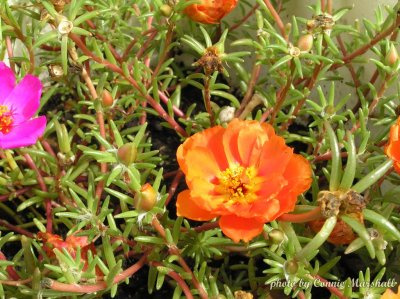 Moss Rose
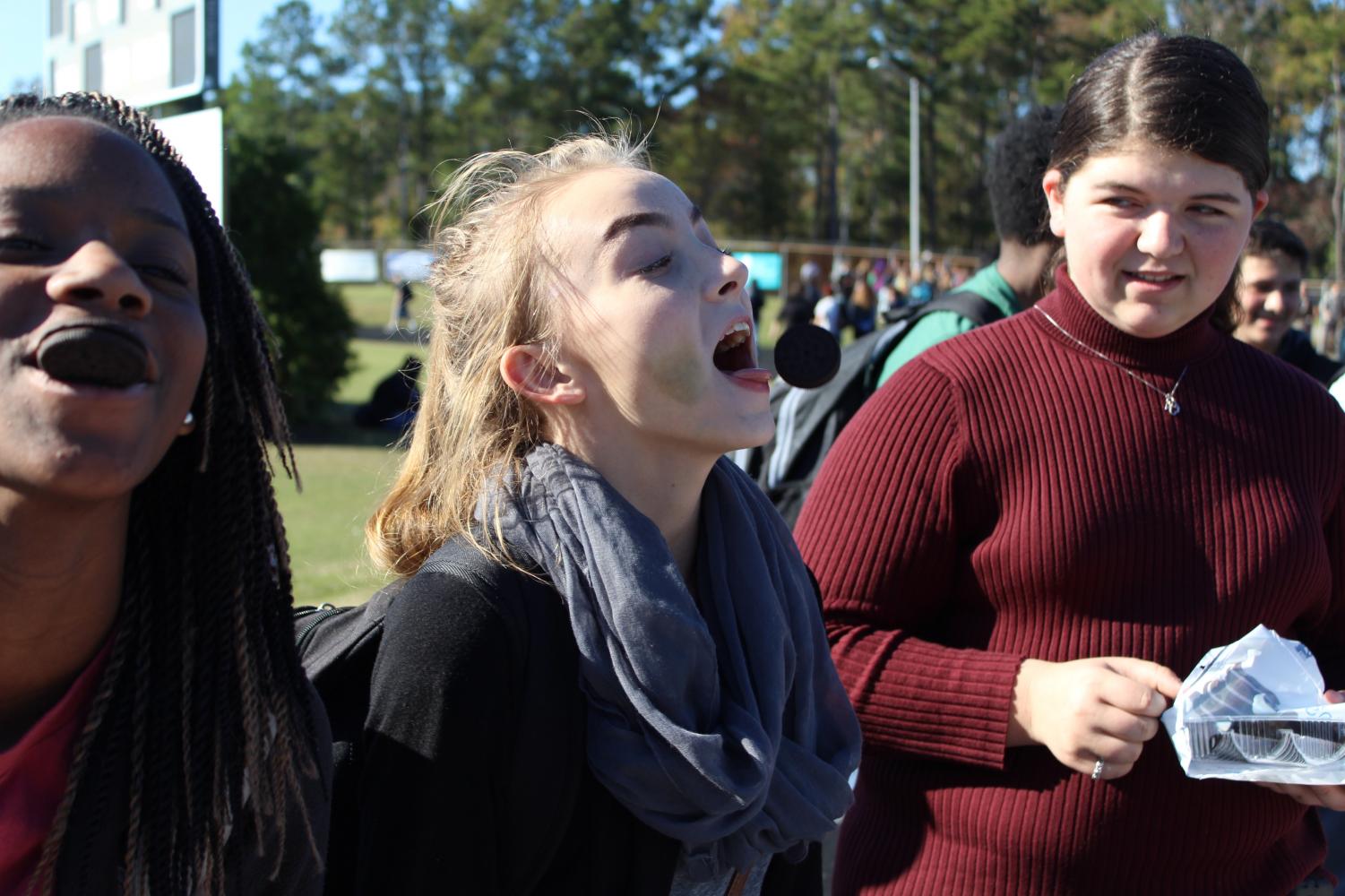 Fall Festival Festivities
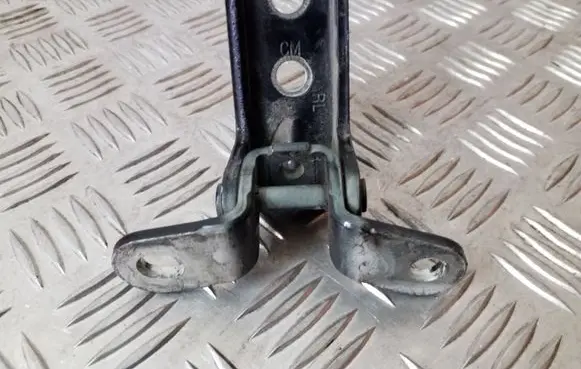 KIA Sorento Rear door lower hinge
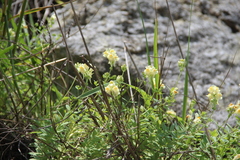 Linaria japonica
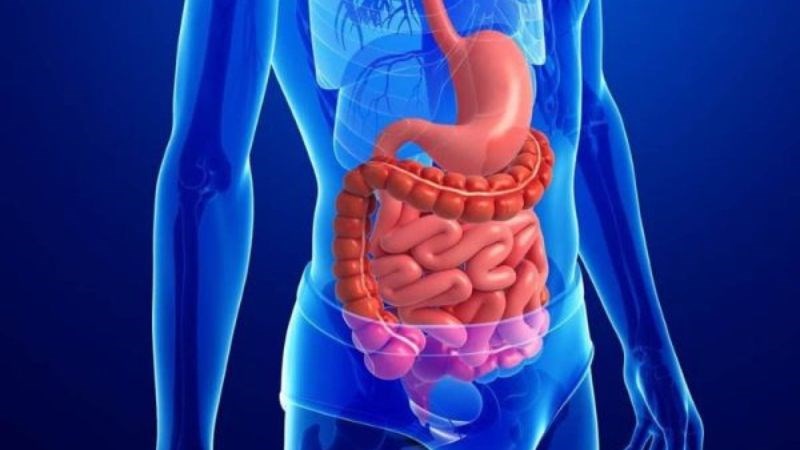 Chiết xuất ​​lá tía tô giúp cải thiện chứng đầy hơi, khó chịu ở bụng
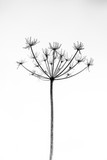 Fototapeta Dmuchawce - Frosted Cow Parsley Seed Heads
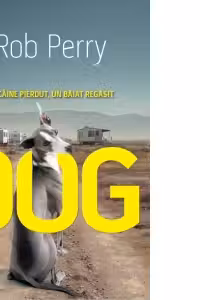 DOG. Un caine pierdut un baiat regasit
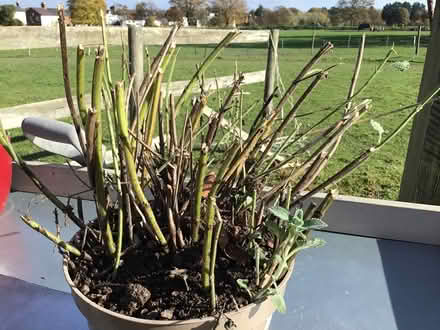 Photo of free Grasses and nepeta plants (Tring HP23) #2
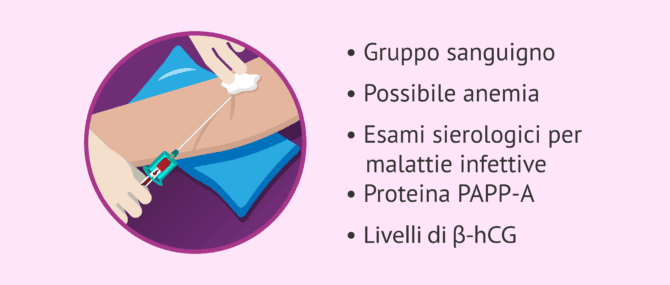 Imagen: Analisi del sangue nella donna in gravidanza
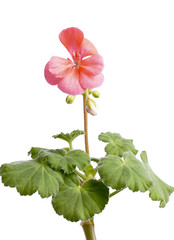 Pink geranium flower. Isolated.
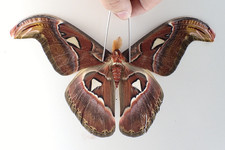 SA33923. Unmounted insect: Attacus atlas. South Vietnam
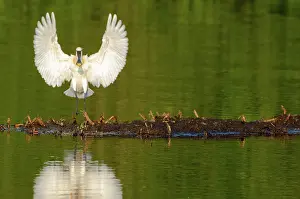 Leucorodia: Eurasian Spoonbill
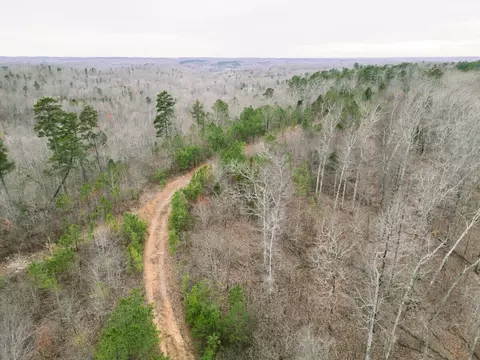 0 Pineview Rd, Linden, TN 37096 photo 5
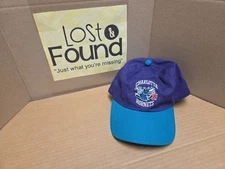 Charlotte Hornets Hat Mitchell & Ness Hardwood Classics Graphic Cap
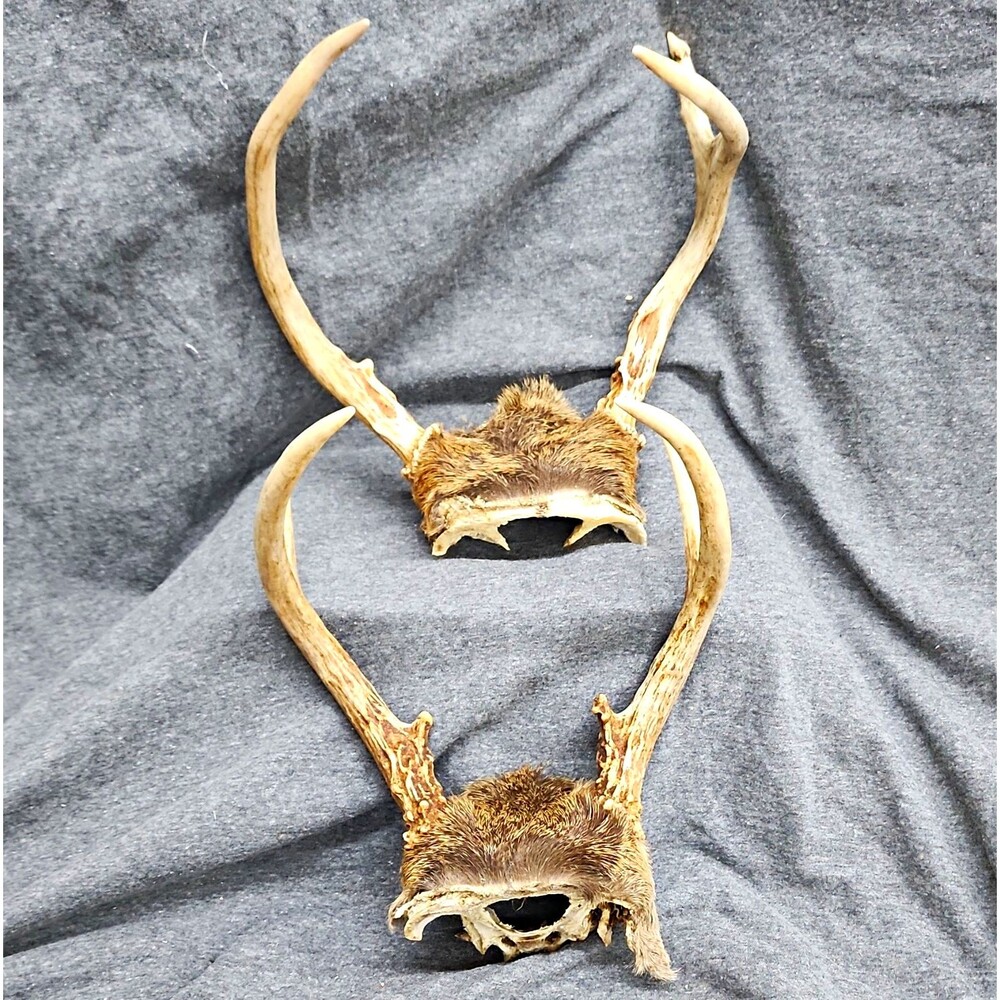 Whitetail Deer Antler Mounts Skull Caps European Mounts Set Of 2 As Pictured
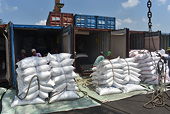 Xuất khẩu nông sản Việt giảm hơn một nửa vì thiếu... container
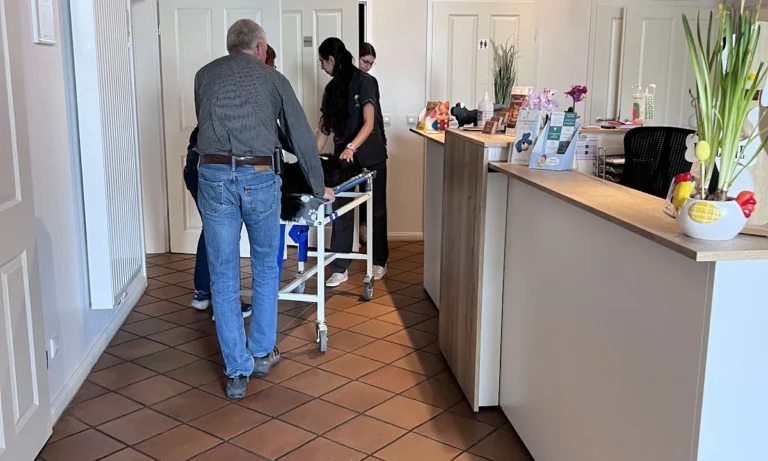 Tierarztpraxis Dorothea Vogg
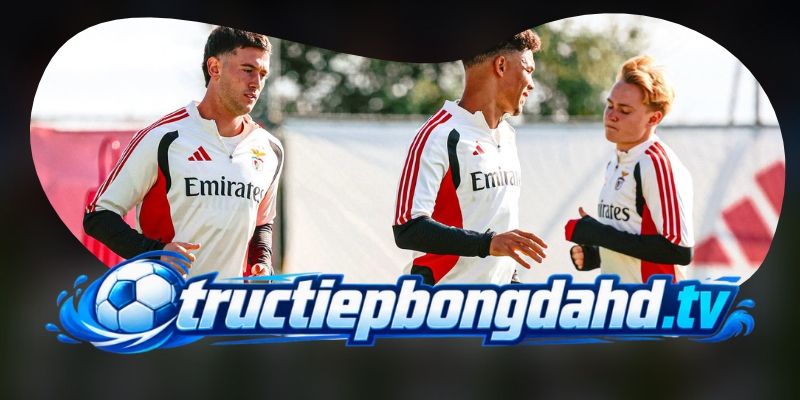 Dự Đoán Trận Santa Clara Vs Benfica 01h45 27/10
:::::
* _Instructions for the task_
Only the pictures may be dropped; print every record exactly as given.

* _Answer to this exercise_
 Moss Rose
 Fall Festival Festivities
 KIA Sorento Rear door lower hinge
 Linaria japonica
 Chiết xuất ​​lá tía tô giúp cải thiện chứng đầy hơi, khó chịu ở bụng
 Fototapeta Dmuchawce - Frosted Cow Parsley Seed Heads
 DOG. Un caine pierdut un baiat regasit
 Photo of free Grasses and nepeta plants (Tring HP23) #2
 Imagen: Analisi del sangue nella donna in gravidanza
 Pink geranium flower. Isolated.
 SA33923. Unmounted insect: Attacus atlas. South Vietnam
 Leucorodia: Eurasian Spoonbill
 0 Pineview Rd, Linden, TN 37096 photo 5
 Charlotte Hornets Hat Mitchell & Ness Hardwood Classics Graphic Cap
 Whitetail Deer Antler Mounts Skull Caps European Mounts Set Of 2 As Pictured
 Xuất khẩu nông sản Việt giảm hơn một nửa vì thiếu... container
 Tierarztpraxis Dorothea Vogg
 Dự Đoán Trận Santa Clara Vs Benfica 01h45 27/10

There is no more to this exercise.